The Chancellor was correct in his ruling. An insurance carrier should not be permitted to litigate and relitigate its contracts with insureds on a piecemeal basis. The almost unlimited ingenuity available to the carrier, if permitted, could defer an ultimate determination of rights and obligations arising from an insurance policy almost endlessly. One party would thus be placed in position to prevail over the other by the process of attrition.

It is important to observe that in the case at bar the appellant knew about the existence of facts based upon which it could have asserted the policy provision stricken from its reply at the time the declaratory decree action was initially brought, and certainly appellant was aware of the policy provision relating to settlements without written consent prior to its earlier appeal to this court from an interlocutory order. Indeed, these factors were known to the appellant after the Sellers made their initial counterclaim for damages under the policy and at the time appellant made their first reply thereto.

Our Supreme Court was confronted with a somewhat analogous pleading situation in Palm Beach Estates, et al. v. Croker, 106 Fla. 617, 143 So. 792. There the court, at page 794, stated that the object "* * * in permitting interlocutory appeals in chancery cases is to expedite the administration of justice by providing a means by which propositions of law involved in the procedural steps of an equity suit may be finally and authoritatively settled by an appellate court, and become the law of the case with reference to subsequent proceedings. * * * But when such an appeal has been taken, appellant, who has elected to pursue it, is bound not only as to the law points decided, but by the state of the record upon which he has assumed to seek appellate review. This is certainly true with respect to his own pleadings when he has had full opportunity to amend and perfect them before appealing from an interlocutory order made with reference thereto."

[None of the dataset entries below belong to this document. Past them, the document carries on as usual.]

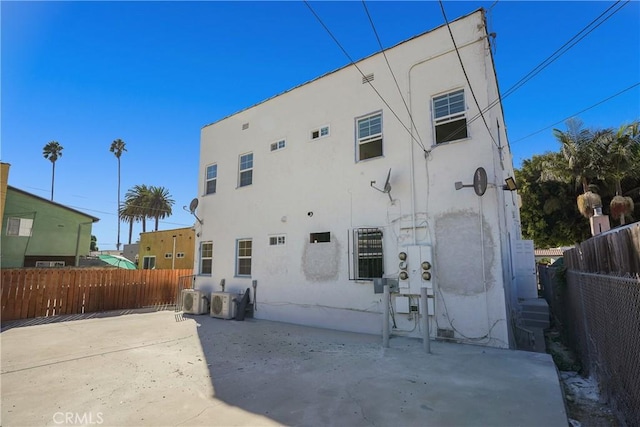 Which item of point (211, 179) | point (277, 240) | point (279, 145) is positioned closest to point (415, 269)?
point (277, 240)

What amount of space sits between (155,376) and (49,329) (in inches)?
236

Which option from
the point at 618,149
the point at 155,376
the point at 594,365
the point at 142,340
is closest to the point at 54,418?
the point at 155,376

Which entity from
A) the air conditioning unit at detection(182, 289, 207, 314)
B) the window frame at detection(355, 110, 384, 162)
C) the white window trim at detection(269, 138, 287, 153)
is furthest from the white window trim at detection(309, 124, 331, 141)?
the air conditioning unit at detection(182, 289, 207, 314)

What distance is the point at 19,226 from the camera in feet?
63.8

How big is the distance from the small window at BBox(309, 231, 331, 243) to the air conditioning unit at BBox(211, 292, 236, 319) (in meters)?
3.27

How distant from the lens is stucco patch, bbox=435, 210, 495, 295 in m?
6.65

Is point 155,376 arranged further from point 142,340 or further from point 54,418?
point 142,340

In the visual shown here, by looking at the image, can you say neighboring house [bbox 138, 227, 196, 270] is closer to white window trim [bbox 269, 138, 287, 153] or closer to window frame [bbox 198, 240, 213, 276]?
window frame [bbox 198, 240, 213, 276]

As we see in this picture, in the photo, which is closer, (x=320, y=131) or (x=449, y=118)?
(x=449, y=118)

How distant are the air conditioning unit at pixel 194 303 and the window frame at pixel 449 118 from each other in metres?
8.84

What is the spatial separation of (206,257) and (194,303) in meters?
1.93

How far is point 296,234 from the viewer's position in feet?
31.9

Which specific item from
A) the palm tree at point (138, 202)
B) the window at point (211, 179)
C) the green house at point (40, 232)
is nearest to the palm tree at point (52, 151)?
the palm tree at point (138, 202)

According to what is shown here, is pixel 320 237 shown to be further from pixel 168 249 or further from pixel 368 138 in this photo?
pixel 168 249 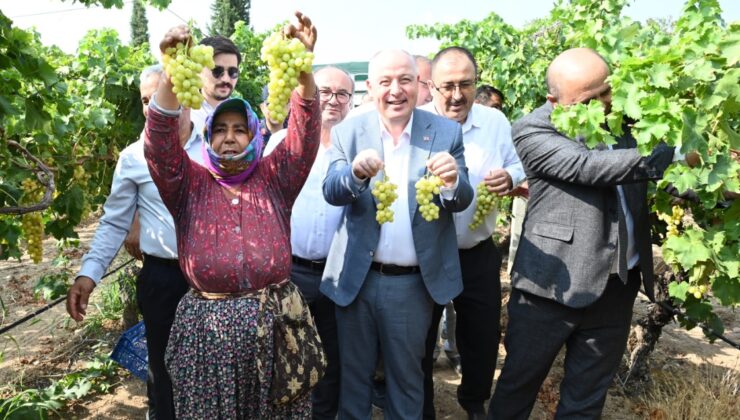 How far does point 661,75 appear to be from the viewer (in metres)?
1.78

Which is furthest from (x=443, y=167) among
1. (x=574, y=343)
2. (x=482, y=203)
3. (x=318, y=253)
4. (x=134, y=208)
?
(x=134, y=208)

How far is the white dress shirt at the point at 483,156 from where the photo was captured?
3.24 meters

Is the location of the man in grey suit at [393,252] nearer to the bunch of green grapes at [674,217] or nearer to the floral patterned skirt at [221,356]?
the floral patterned skirt at [221,356]

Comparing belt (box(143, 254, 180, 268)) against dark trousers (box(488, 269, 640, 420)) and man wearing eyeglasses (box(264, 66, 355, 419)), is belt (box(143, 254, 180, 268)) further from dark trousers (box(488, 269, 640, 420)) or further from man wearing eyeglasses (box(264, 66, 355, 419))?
dark trousers (box(488, 269, 640, 420))

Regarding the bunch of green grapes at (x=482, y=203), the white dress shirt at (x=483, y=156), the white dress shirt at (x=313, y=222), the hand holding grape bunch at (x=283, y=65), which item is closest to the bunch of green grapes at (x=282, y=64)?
the hand holding grape bunch at (x=283, y=65)

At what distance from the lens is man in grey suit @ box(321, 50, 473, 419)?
2.70 meters

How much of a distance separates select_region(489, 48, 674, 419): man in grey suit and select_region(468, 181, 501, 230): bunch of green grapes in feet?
0.96

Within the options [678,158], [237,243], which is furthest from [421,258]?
[678,158]

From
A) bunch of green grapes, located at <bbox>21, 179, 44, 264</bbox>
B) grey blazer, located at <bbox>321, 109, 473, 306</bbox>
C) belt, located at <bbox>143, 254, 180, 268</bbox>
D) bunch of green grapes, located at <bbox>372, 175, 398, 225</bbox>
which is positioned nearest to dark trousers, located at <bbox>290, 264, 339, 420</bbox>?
grey blazer, located at <bbox>321, 109, 473, 306</bbox>

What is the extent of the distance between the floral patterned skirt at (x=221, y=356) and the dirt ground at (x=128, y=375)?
5.48ft

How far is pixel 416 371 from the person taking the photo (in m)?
2.79

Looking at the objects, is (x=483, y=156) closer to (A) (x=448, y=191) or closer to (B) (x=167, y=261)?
(A) (x=448, y=191)

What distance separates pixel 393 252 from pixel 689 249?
4.30 ft

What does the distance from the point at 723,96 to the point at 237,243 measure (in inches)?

The reasoning expressed by the Chancellor below in his order by which he effectively prevented appellant from shifting his position in the premises after an interlocutory appeal had been had seems quite consistent with the ruling of the Supreme Court in Palm Beach Estates, supra.

Continued adherence to the above cited principle in the Palm Beach Estates case was more recently expressed by our sister court in Dixie Sightseeing Tours, Inc. v. Florida Transportation Company, 154 So.2d 196 (Fla.App.3d). In that case, the court affirmed an order dismissing with prejudice a new complaint filed after the cause had been remanded for a new trial on the authority of "* * * those cases which would refuse to allow an amendment to pleadings after the mandate of the appellate court which would set up a new cause of action and present a different basis for relief." (Emphasis supplied)

The order appealed from is accordingly affirmed, and the interlocutory appeal is dismissed.

RAWLS, C.J., and JOHNSON, J., concur.